Não desistamos de ser santos. Não desistamos de ser parceiros de Deus.
3. Deus honra a nossa fidelidade.
A história do encontro de Jeremias com os recabitas termina com uma promessa divina de grande inspiração: Por isso, assim diz o Senhor dos Exércitos, Deus de Israel: ‘Jamais faltará a Jonadabe, filho de Recabe, um descendente que me sirva’ (Jeremias 35.19). A promessa a Jonadaba se serviu da aspiração de maior valor na cultura hebraica: um descendente decente.
Na linguagem do Novo Testamento, é receber de Jesus aquele maravilhoso conjunto de palavras: “Muito bem, servo bom e fiel! Você foi fiel no pouco, eu o porei sobre o muito. Venha e participe da alegria do seu senhor!” (Mateus 25.21).
É assim conosco ainda hoje. Deus nos é fiel, sem que lhe sejamos. Quando lhe somos fiéis, Deus é fiel, fidelidade manifesta em meio à alegria. Nossa fidelidade produz alegria em Deus.
Que, ao final da vida, quando recapitular as ordens que recebeu de Deus e obedeceu, cada um de nós possa exclamar como o apóstolo Paulo: Combati o bom combate, terminei a corrida, guardei a fé. Agora me está reservada a coroa da justiça, que o Senhor, justo Juiz, me dará naquele dia; e não somente a mim, mas também a todos os que amam a sua vinda (2Timóteo 4.7-8).

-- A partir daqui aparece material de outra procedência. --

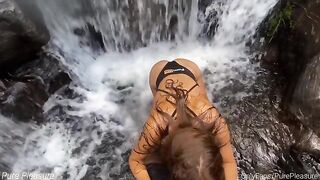 Amateur girl fucked by a guy at the waterfall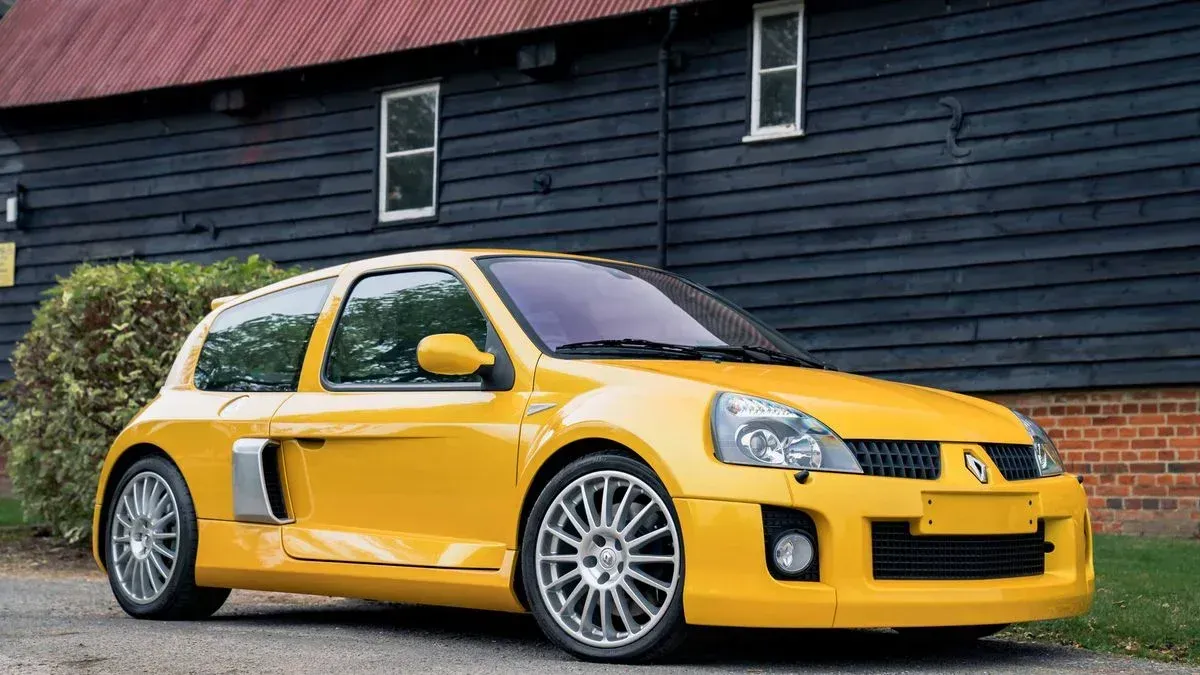 Renault Clio V6 Phase 2 Amarillo Liquid Yellow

Quando eu era menino, incomodava-me uma pergunta: Se Cristo voltar agora, Ele me levará? Penso que esta pergunta nos anda faltando. Ficamos muito “convencidos” de nossa salvação, que nos esquecemos de operá-la com temor e tremor. Na verdade, a maioria de nós vive como se Jesus não fosse voltar nunca.
Talvez pudéssemos mudar um pouco a pergunta: quando Jesus voltar, ou quando eu for ao seu encontro, Ele me encontrará fiel? (1Coríntios 4.2).
Eu quero ser salvo com todas as honras, não como que pelo fogo (1Coríntios 3.15). Quero estar na companhia de Abraão, não na de Ló; quero fazer par com Pedro, não com o ladrão na cruz; quero sentar ao lado de Paulo, não da de Alexandre, o latoeiro.